Towards the last third of the book, Grant discusses how there are otherish givers, who have high interest in others and high interest in themselves. These otherish givers are neither matcher nor taker, and they aren't ordinary givers either, hence the name. They have high aspirations for helping others but also high ambitions for themselves. Otherish givers contribute and help others, as long as it does not come at the expense of their own obligations.

I have two constructive comments to make about Give & Take. 
  1. I think it would be better to show earlier on how, or if, the successful givers mentioned in the earlier portions of the book were giving strategically. Some of the successful givers did not appear to be acting upon a certain strategy, because it seemed like they were passing up too many opportunities for themselves. For example, Grant describes in great detail how George Meyer made sacrifices and gave back, and this ultimately worked out really well for him because he gained social capital, respect, and authority without the aggression. However, was he strategic in how he went about this?
  2. A framework or sort about giver, matcher, and taker, and the traits for each personality type would be helpful, I think, especially when it comes to self-assessment. The lines between the personality types are not always so clear. For example, I enjoy giving on a regular basis without expecting anything in return, but I have a taker tendency of speaking assertively and sometimes dominantly. Maybe a framework for self-assessment isn't necessary, since the whole point is to be a giver whether you are a matcher or taker, but I think self-assessment can help the reader know which areas to focus on improving.

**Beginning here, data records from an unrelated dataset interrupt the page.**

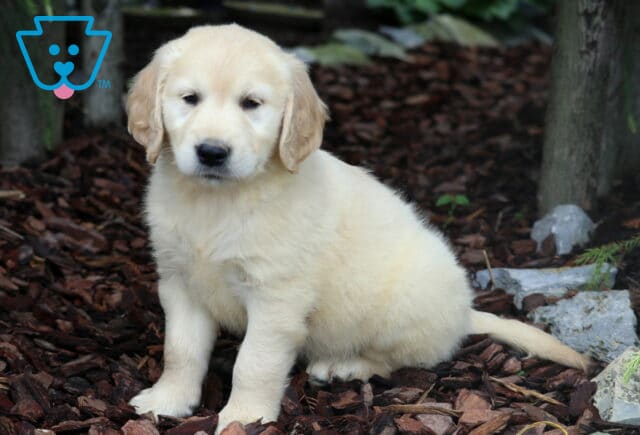 Creamy Golden Retriever puppy sitting on mulch near rocks and trees, looking slightly to the side in a peaceful, shaded garden area. image
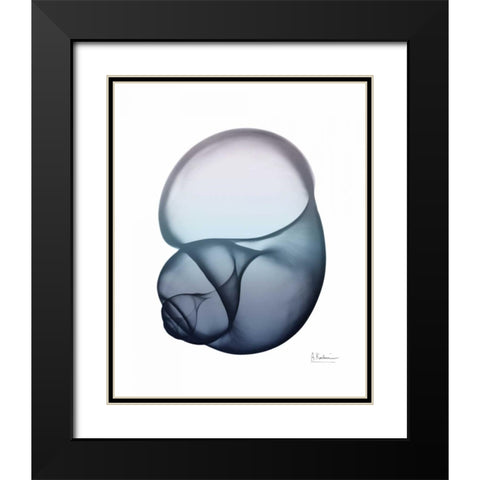 Lavender Snail 1 Black Modern Wood Framed Art Print with Double Matting by Koetsier, Albert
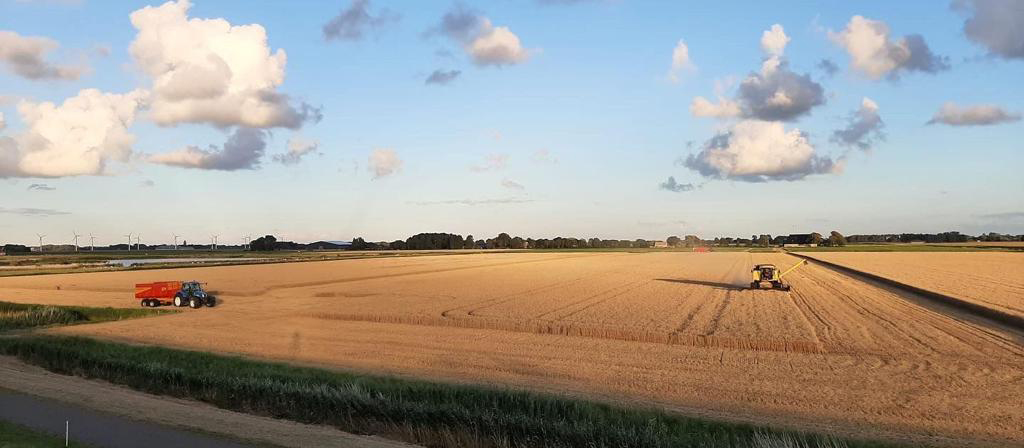 De <a href="/Niscoo/">Niscoo</a> kennisbijeenkomst met Carbon Coöp van afgelopen week is zéér goed bezocht. De bijeenkomst was LIVE te volgen, maar is ook terug te kijken 🎬 hierbij de link: youtube.com/watch?v=NF5zQR…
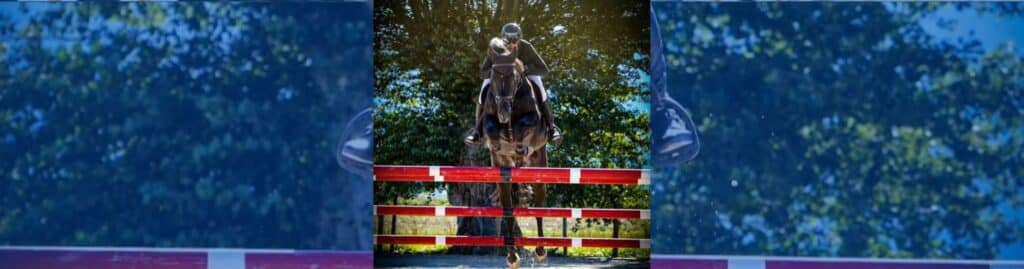 Campeonato de Salto de Obstáculos de Cataluña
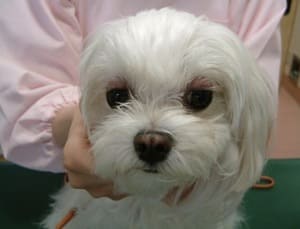 幸福の木で中毒を起こしたマルチーズ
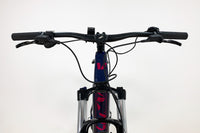 GIANT LIV Vall-E+3 Power 2019 M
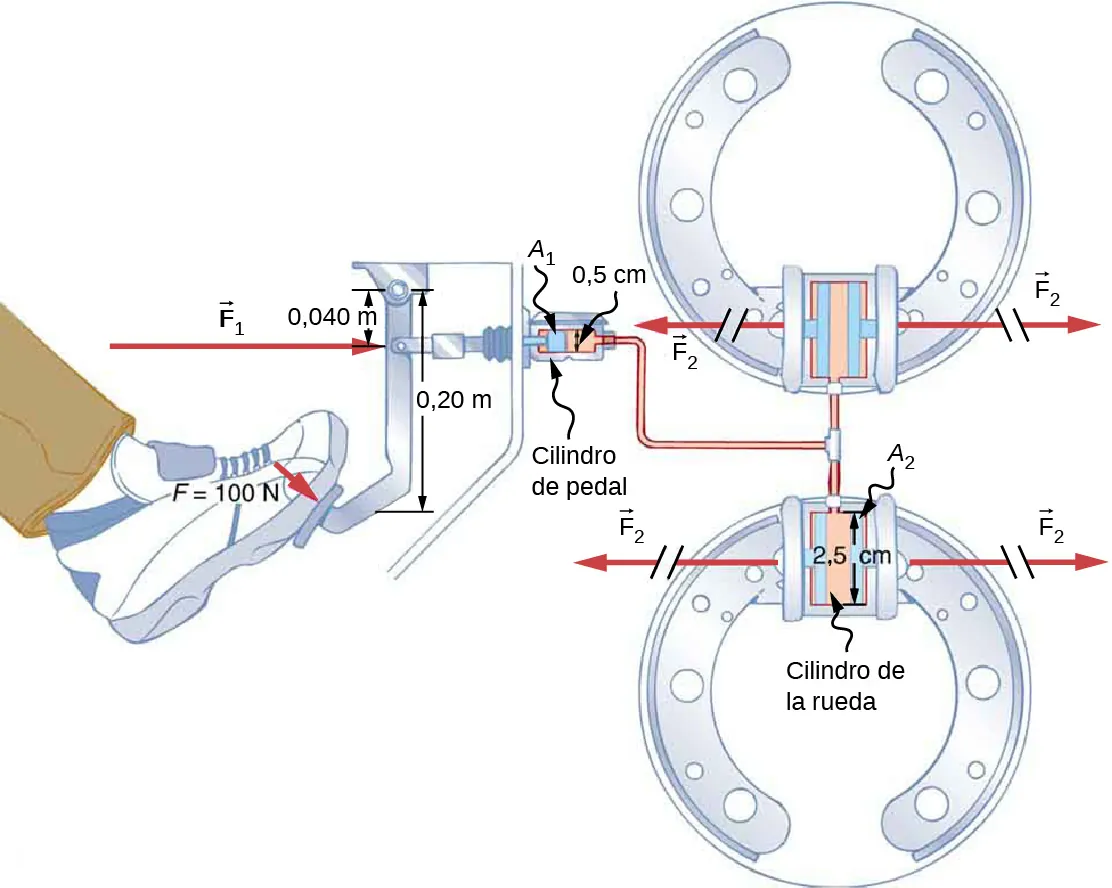 La figura es un dibujo esquemático de un sistema de freno hidráulico. El pie se aplica al pedal de freno con la fuerza F1. Se transmite al cilindro del pedal con el área A1 de 0,5 cm. El cilindro del pedal está conectado al sistema hidráulico con dos cilindros de rueda con un área A2 de 2,5 cm. Los cilindros de las ruedas crean la fuerza de salida F2.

Grant did include a chapter at the end called "Actions for Impact," where he summarizes the book into ten practical rules that we can implement. While I do find it very helpful in becoming a (better) giver/otherish giver, I think that, at the end of the day, being a giver is really about empathy. The givers in this book all have an immense amount of empathy towards others, no matter how well they know them. If I have to be honest, that much empathy does not come naturally to me, but after reading this book, it's been something I always keep in my mind.

Anyway, I love love love this book. Apparently, when I had a little too much wine one night, I was preaching about the importance of being a giver in a Japanese accent. The other day, my friend pointed out that every time she tells me gossip, I classify the people in her stories as takers. Every time I classify someone as a giver, matcher, or a taker, one of my friends always says (maybe slightly annoyed), "Is that how you view the world now?"

Are you a giver, matcher, a taker, or an otherish giver? I recommend reading the book all the way to the end to find out. You will not regret it!

Have you read Give & Take? What were your thoughts?